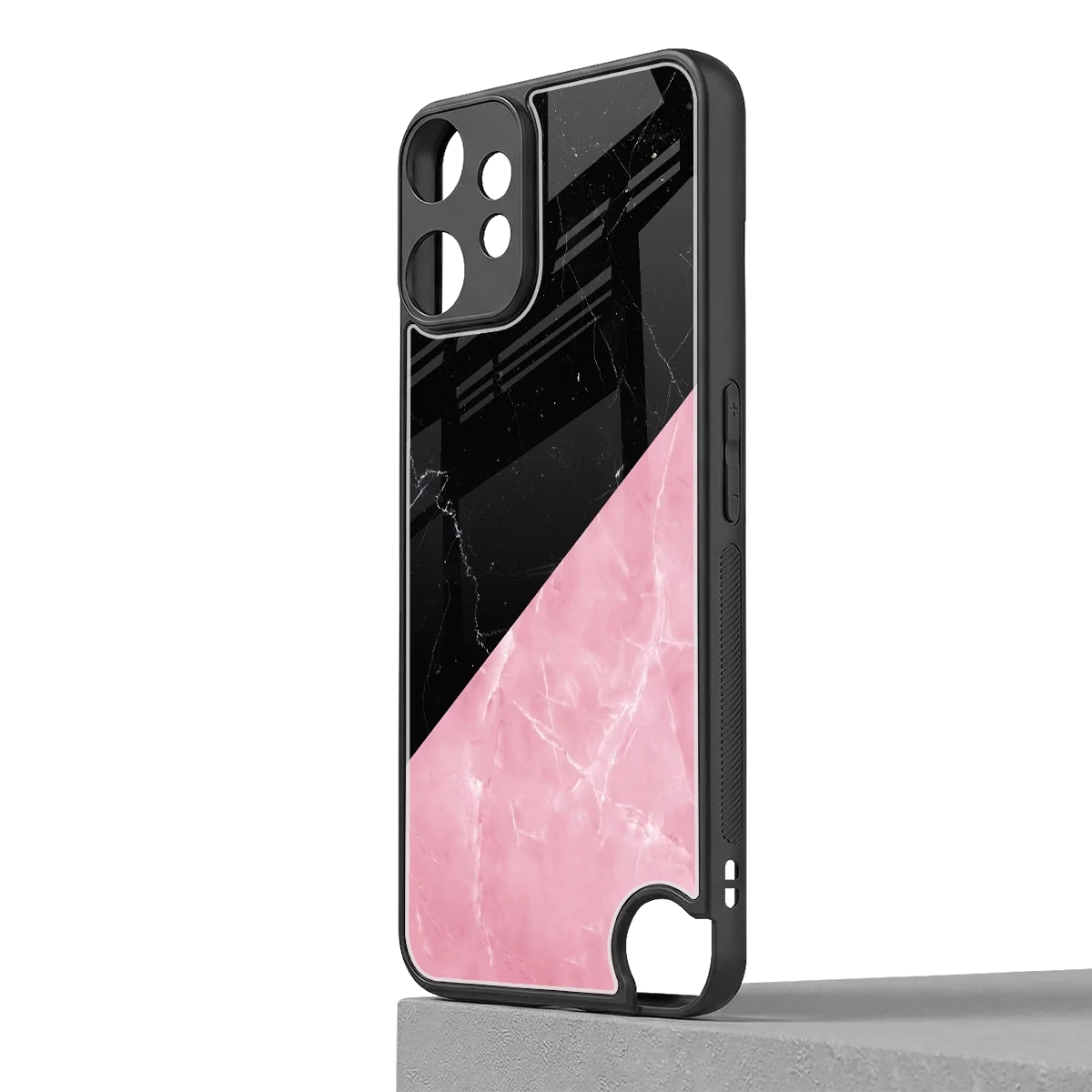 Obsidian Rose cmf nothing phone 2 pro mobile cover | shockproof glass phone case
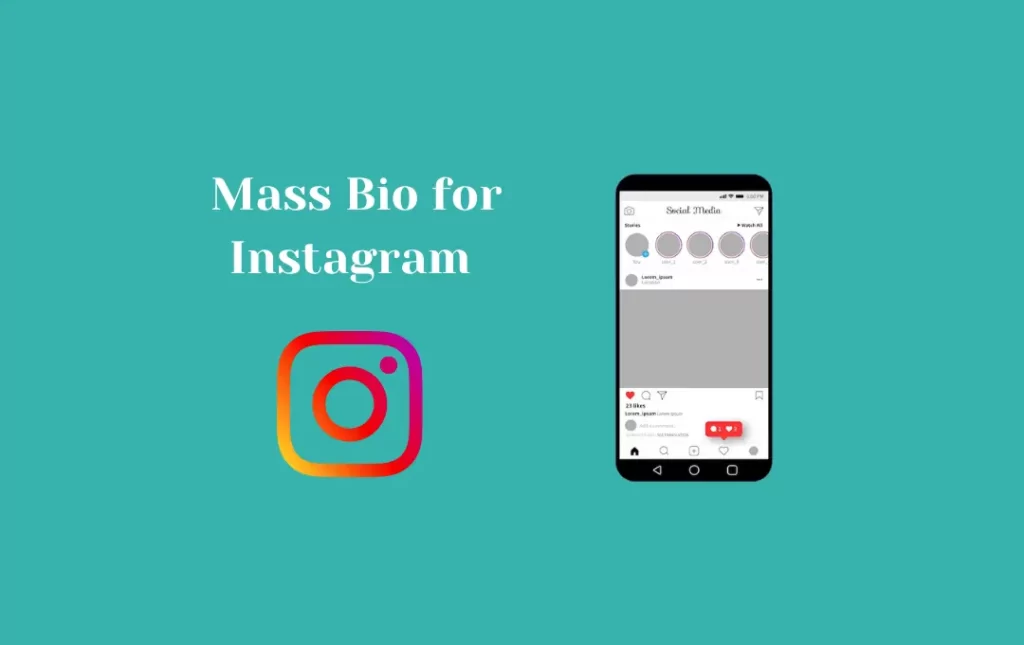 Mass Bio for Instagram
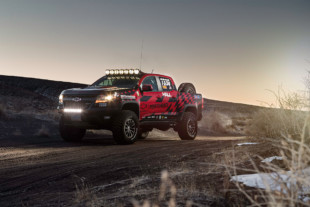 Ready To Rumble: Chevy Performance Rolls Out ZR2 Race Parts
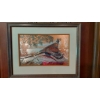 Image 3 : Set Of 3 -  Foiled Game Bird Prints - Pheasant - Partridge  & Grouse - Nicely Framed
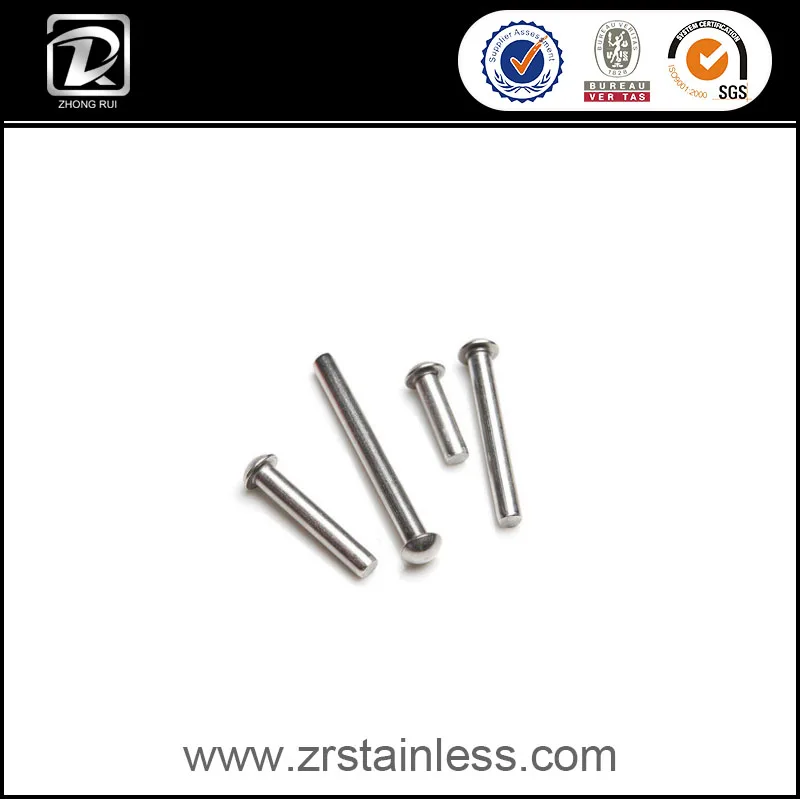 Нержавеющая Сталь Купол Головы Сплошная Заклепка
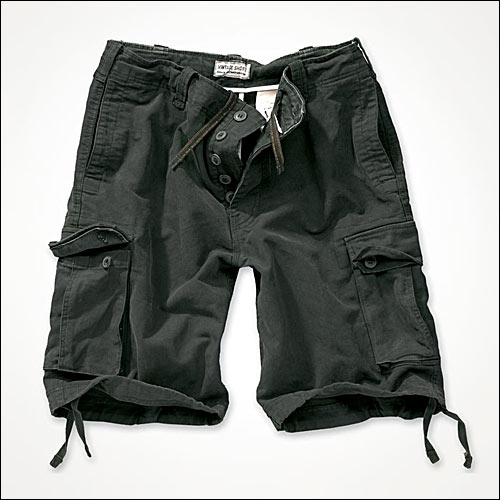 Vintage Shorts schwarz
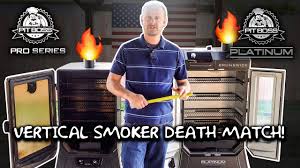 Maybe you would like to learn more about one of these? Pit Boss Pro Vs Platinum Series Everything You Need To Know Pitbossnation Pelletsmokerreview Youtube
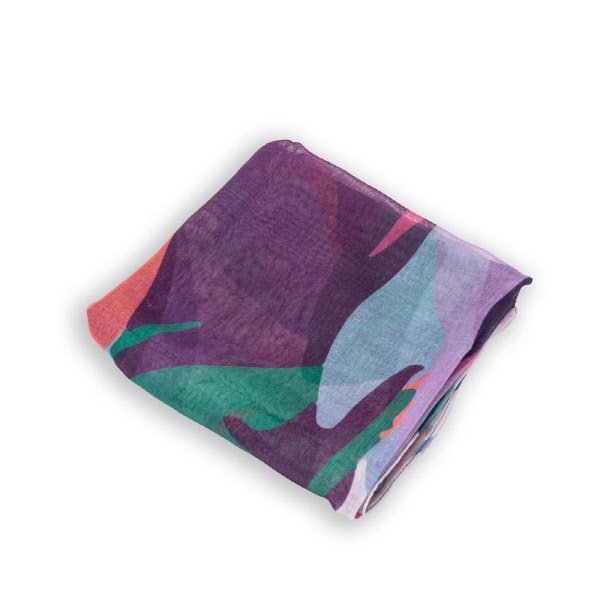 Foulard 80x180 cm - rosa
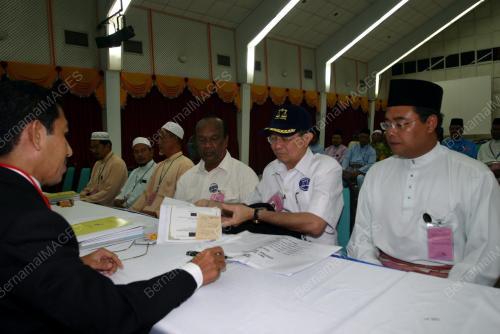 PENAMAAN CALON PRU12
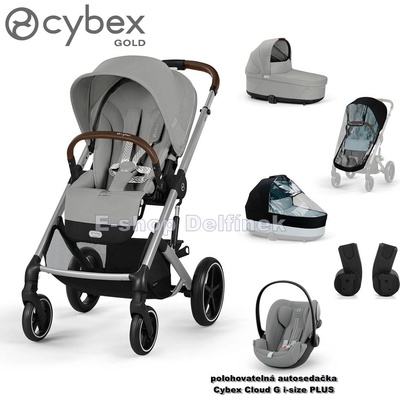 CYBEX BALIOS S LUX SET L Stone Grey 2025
========================================================================
• What you need to do: What must be output is the exact run of lines from the one holding "Mass Bio for Instagram" through the end of the entries above, both ends included, minus the pictures.

• Exercise response:
 Mass Bio for Instagram
 Ready To Rumble: Chevy Performance Rolls Out ZR2 Race Parts
 Image 3 : Set Of 3 -  Foiled Game Bird Prints - Pheasant - Partridge  & Grouse - Nicely Framed
 Нержавеющая Сталь Купол Головы Сплошная Заклепка
 Vintage Shorts schwarz
 Maybe you would like to learn more about one of these? Pit Boss Pro Vs Platinum Series Everything You Need To Know Pitbossnation Pelletsmokerreview Youtube
 Foulard 80x180 cm - rosa
 PENAMAAN CALON PRU12
 CYBEX BALIOS S LUX SET L Stone Grey 2025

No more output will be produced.